Macon-Bibb Planning and Zoning put a moratorium in place as requests for more convenience stores in the county starting pouring in.

MACON, Ga. — About 60 days into a 90-day moratorium set by the county, the Macon-Bibb Planning and Zoning Commission decided to hold a work session. 

This was a chance for the public to come in and voice their own opinions on new convenience stores coming to Macon.

On Monday, about 20 people met in Macon Terminal Station for an open discussion.

Jim Thomas, Executive Director of Macon-Bibb Planning and Zoning, kicked it off by mentioning why there's currently a brief pause on approving new convenience stores.

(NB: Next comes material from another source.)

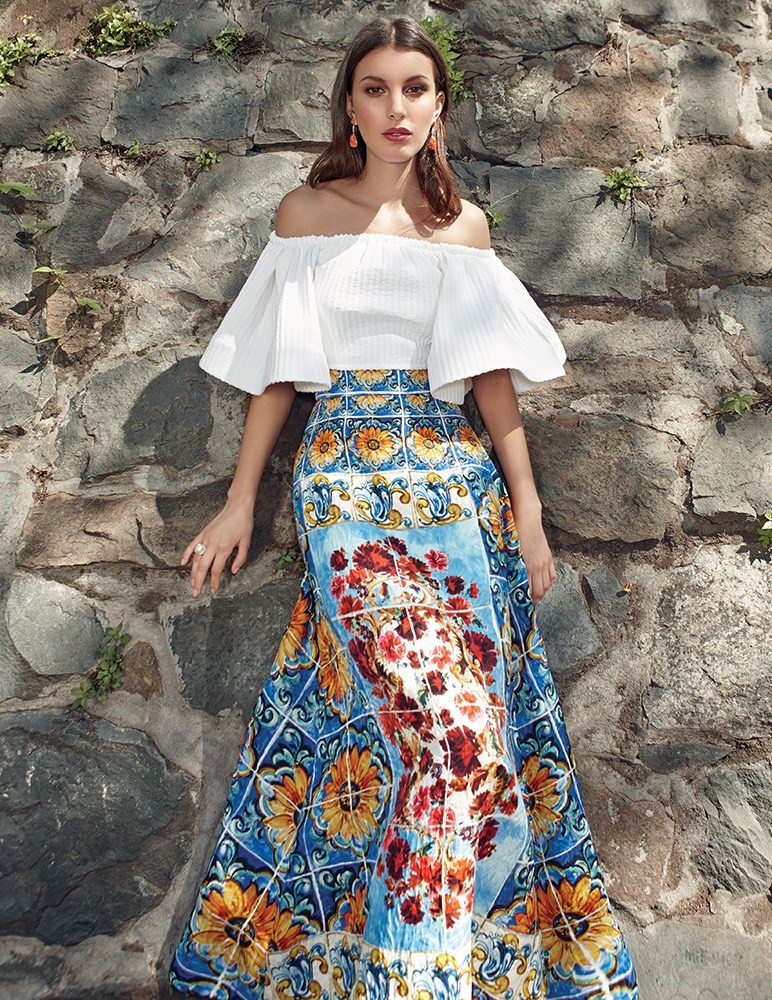 Martin-Lidell-photographs-Kate-King-Dolce-Gabbana-fragrance-for-Vogue-Latin-America-5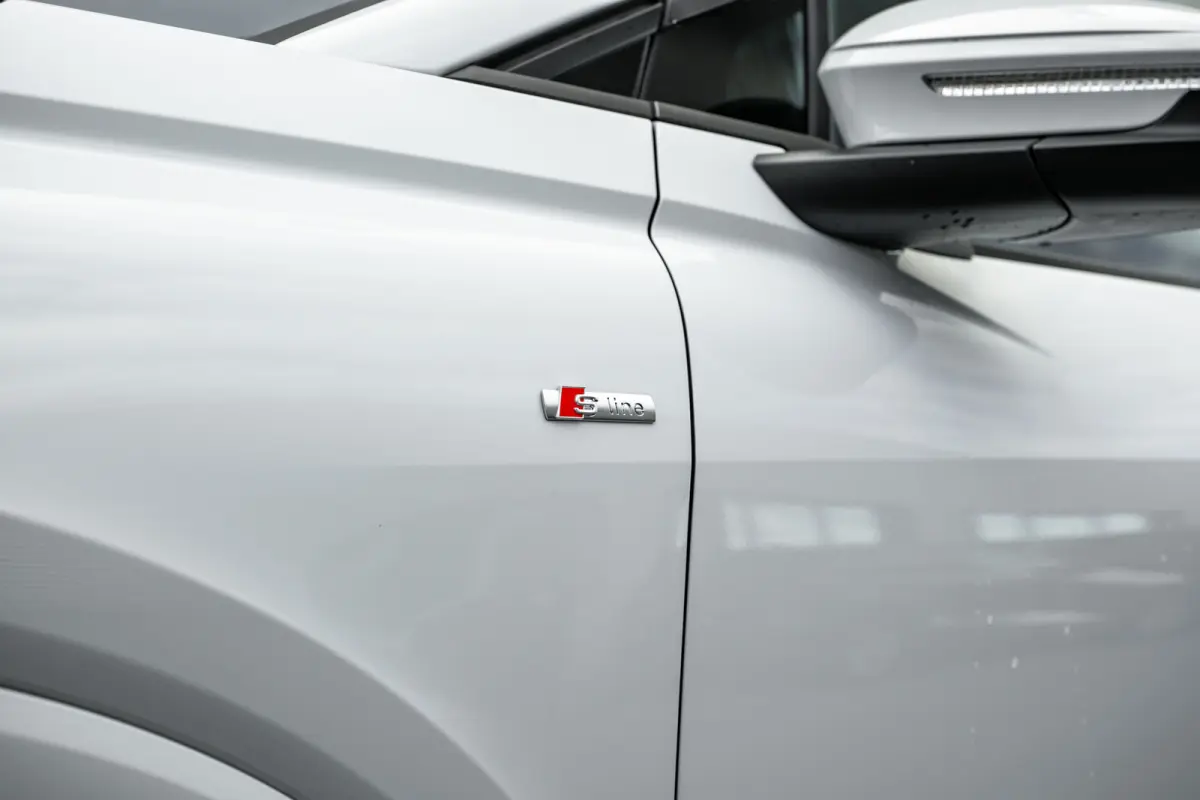 S edition Competition | Achterklep, automatisch bedienbaar | Achteruitrijcamera | Adaptive cruise control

"The reason we adopted the moratorium was to give us time to look at the language and make those decisions, actually draft up the new code," Thomas said. 

He says the current code is outdated.

It goes back to the 1960's when convenience stores were still serving stations.

But he says that's no longer the case, and convenience stores are now multi-functional, with gas pumps, food, coin machines, and more.

"The code just needs to catch up with the current practices," Thomas said.

So when Planning and Zoning opened the floor for questioning, business owners, like Tim Thornton, shared thoughts of their own.

"Rather than scatter, start restricting where convenience stores with alcohol can go, I think I can sit here and make as good an argument and say are we not better off to cluster them together and then spread them out over town? The perfect example would be an interstate interchange," says Thornton.

The commission also turned to the county for answers.

"We want to be careful we don't over-regulate them. We don't want to put them out of business, you know we all buy gas. So we have to find that level of control that's appropriate for the community," Thomas said. 

The moratorium expires on November 23, and at that point, they'll have to decide whether or not to extend it.

During the meeting, Thomas and the commission mentioned listening in on Atlanta area planning and zoning meetings to get some ideas on what language to use once they update.